Vorsicht vor Betrügereien über Facebook

Aber auch die derzeit hohe Spendenbereitschaft vieler Bürger soll gezielt ausgenutzt werden. So ermittelt das Kriminalkommissariat 55 der Polizei Köln aktuell in einem Fall, bei dem zunächst das auf Facebook veröffentlichte Foto einer durch das Hochwasser zerstörten Wohnung kopiert wurde. Die Tatverdächtigen nutzten das Foto dann, um damit in einem separaten Beitrag einen Spendenaufruf zu veröffentlichen. Ob diesem jemand gefolgt ist, wird derzeit ermittelt. Das Posting wurde zwischenzeitlich gelöscht.

Obacht beim Spenden

Die Polizei mahnt daher zu mehr Aufmerksamkeit und Sensibilisierung im Umgang mit Online-Shops und dort feilgebotenen Waren zur Bewältigung der Flutschäden.

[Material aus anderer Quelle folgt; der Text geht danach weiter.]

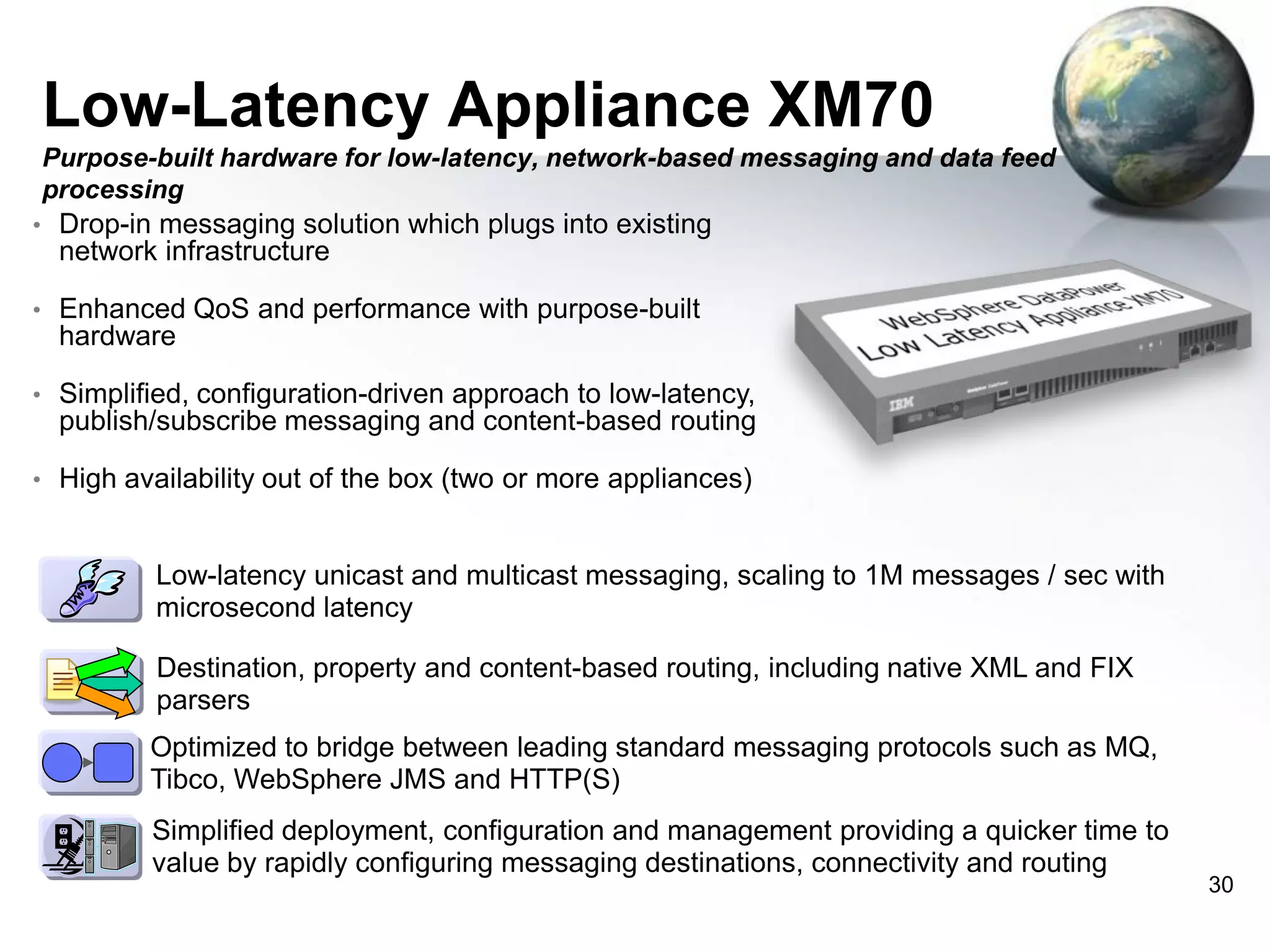 Low-Latency Appliance XM70
Purpose-built hardware for low-latency, network-based messaging and data feed
processing
• Drop-in messaging solution which plugs into existing

network infrastructure
• Enhanced QoS and performance with purpose-built

hardware
• Simplified, configuration-driven approach to low-latency,

publish/subscribe messaging and content-based routing
• High availability out of the box (two or more appliances)

• Low-latency unicast and multicast messaging, scaling to 1M messages / sec with

microsecond latency
• Destination, property and content-based routing, including native XML and FIX

parsers
• Optimized to bridge between leading standard messaging protocols such as MQ,

Tibco, WebSphere JMS and HTTP(S)
• Simplified deployment, configuration and management providing a quicker time to

value by rapidly configuring messaging destinations, connectivity and routing

30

Da die Täter aus dem Ausland agieren, ist das Löschen solcher Fake-Shops oft umständlich und langwierig, unterstreicht die Polizei in Rheinland-Pfalz. Die Betrüger können daher über Wochen hinweg ahnungslose Online-Einkäufer um ihr Geld bringen. Auch beim Spenden sei Obacht geboten.